[Start of section]

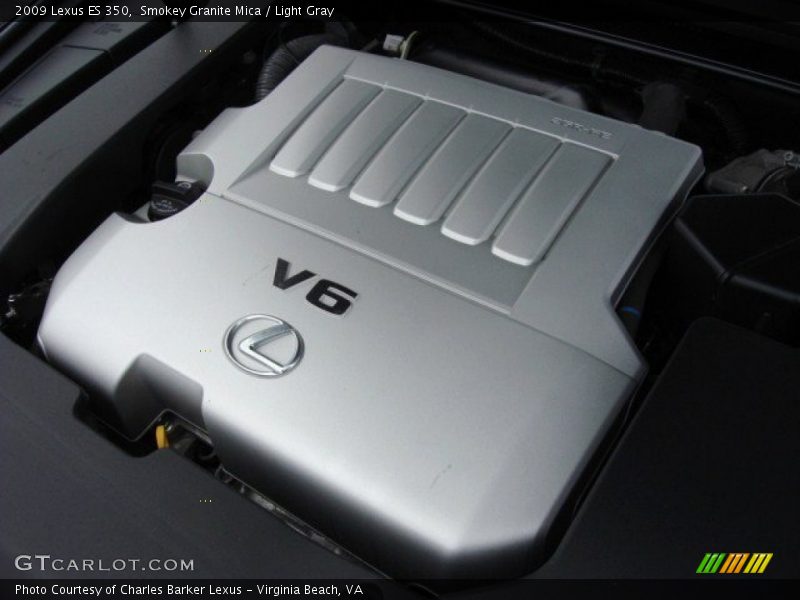 Smokey Granite Mica / Light Gray 2009 Lexus ES 350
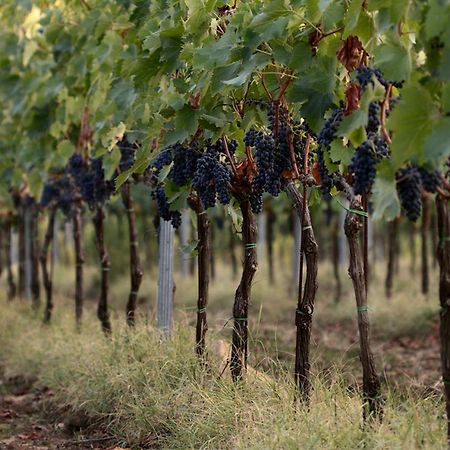 Agriturismo Casagrande Montepulciano Stazione 外观 照片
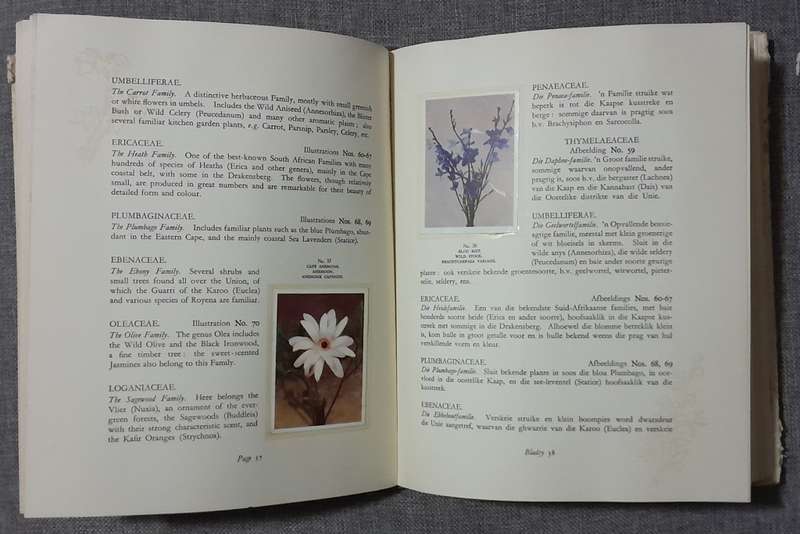 Our South Africa Flora complete set of 100 1950`s cigarette cards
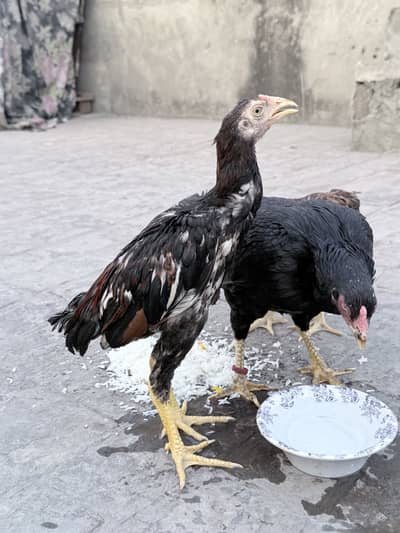 Aseel hen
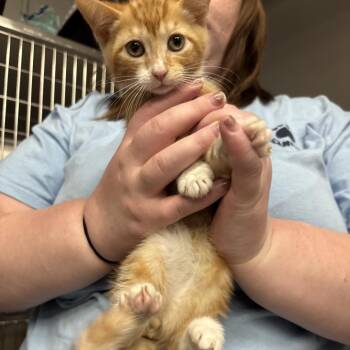 Yuki -  Domestic Short Hair Cat Available for Adoption in Spokane, Washington - Yuki | PetCurious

[End of section]

Action item
Skip every picture, and give the rest of the material above again exactly.

Task answer
 Smokey Granite Mica / Light Gray 2009 Lexus ES 350
 Agriturismo Casagrande Montepulciano Stazione 外观 照片
 Our South Africa Flora complete set of 100 1950`s cigarette cards
 Aseel hen
 Yuki -  Domestic Short Hair Cat Available for Adoption in Spokane, Washington - Yuki | PetCurious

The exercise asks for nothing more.